Sahel: $379 million for the Desert to Power program dedicated to solar energy
The Board of Directors of the African Development Bank (AfDB) Group has approved $379.6 million in funding for the Desert to Power Financing Facility. This funding will enable the implementation of the program in the G5 Sahel countries.
The Desert to Power Financing Facility has received new funding. The African Development Bank (AfDB) recently allocated $379.6 million. The funding includes a technical assistance component to improve implementation capacity, strengthen the enabling environment for private sector investment, and ensure gender and climate mainstreaming. The technical assistance will be provided over a 7-year period.
The financing facility was established by the pan-African bank to support the G5 Sahel countries (Burkina Faso, Chad, Mali, Mauritania, and Niger) in adopting low greenhouse gas emission electricity generation by harnessing the region’s abundant solar potential. The facility has already received a $150 million investment from the Green Climate Fund (GCF).
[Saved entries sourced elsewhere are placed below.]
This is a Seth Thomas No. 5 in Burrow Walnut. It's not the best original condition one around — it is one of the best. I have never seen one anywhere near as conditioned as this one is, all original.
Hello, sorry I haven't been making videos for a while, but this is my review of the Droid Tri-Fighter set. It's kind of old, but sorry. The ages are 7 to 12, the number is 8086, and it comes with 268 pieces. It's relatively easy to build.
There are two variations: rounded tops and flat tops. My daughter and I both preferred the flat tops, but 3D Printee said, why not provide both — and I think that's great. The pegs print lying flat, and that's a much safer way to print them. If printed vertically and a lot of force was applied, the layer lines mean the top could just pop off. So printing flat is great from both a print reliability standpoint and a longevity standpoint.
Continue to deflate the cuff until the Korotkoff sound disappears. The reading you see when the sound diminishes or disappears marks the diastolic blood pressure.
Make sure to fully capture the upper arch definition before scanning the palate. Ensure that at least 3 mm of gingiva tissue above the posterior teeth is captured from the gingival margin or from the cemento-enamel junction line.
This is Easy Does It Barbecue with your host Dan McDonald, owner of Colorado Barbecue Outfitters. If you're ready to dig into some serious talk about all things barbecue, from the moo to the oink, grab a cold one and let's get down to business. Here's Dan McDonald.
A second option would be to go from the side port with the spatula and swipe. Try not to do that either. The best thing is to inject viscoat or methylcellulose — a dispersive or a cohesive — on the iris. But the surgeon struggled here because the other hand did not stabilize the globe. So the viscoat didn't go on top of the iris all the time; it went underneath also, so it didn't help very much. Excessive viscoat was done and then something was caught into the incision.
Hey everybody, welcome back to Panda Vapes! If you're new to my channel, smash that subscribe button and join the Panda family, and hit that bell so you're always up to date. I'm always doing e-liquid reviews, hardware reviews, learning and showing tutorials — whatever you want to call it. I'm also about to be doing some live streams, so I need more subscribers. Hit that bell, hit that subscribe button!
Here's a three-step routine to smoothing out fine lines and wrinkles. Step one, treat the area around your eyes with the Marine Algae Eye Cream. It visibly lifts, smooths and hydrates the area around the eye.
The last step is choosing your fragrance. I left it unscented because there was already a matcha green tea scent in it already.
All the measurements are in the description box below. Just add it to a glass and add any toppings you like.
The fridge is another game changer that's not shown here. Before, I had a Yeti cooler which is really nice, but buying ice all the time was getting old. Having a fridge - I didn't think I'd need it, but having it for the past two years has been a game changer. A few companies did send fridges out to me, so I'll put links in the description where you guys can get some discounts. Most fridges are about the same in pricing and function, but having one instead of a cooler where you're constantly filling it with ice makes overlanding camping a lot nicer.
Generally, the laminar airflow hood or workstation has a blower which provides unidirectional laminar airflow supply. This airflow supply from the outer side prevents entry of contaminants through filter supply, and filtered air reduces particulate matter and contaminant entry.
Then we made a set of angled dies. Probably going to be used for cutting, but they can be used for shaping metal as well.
Mobilizing private investment
“The Desert to Power Facility’s innovative blended finance approach for the G5 Sahel countries will reduce risk, and therefore stimulate private sector investment in solar power generation in the region. This will help transform energy production and close the energy access gap in some of Africa’s most fragile countries,” said Kevin Kariuki, AfDB Vice President for Energy, Climate Change and Green Growth.
The Desert to Power program was launched by the AfDB to develop an installed capacity of 10,000 MW to power 250 million people in the Sahel. The financing facility launched under this initiative specifically targets the G5 Sahel countries through the production of 500 MW of solar energy and electricity storage for 695,000 households. According to the AfDB, the funds obtained so far under the facility will mobilize an additional $437 million.
The other portion of the funds will come from commercial banks and other private investors, including independent power producers (IPPs) that will generate solar power on a large scale. According to the AfDB, this phase of the program will reduce emissions by more than 14.4 million tons of CO2 equivalent over the life of the investment.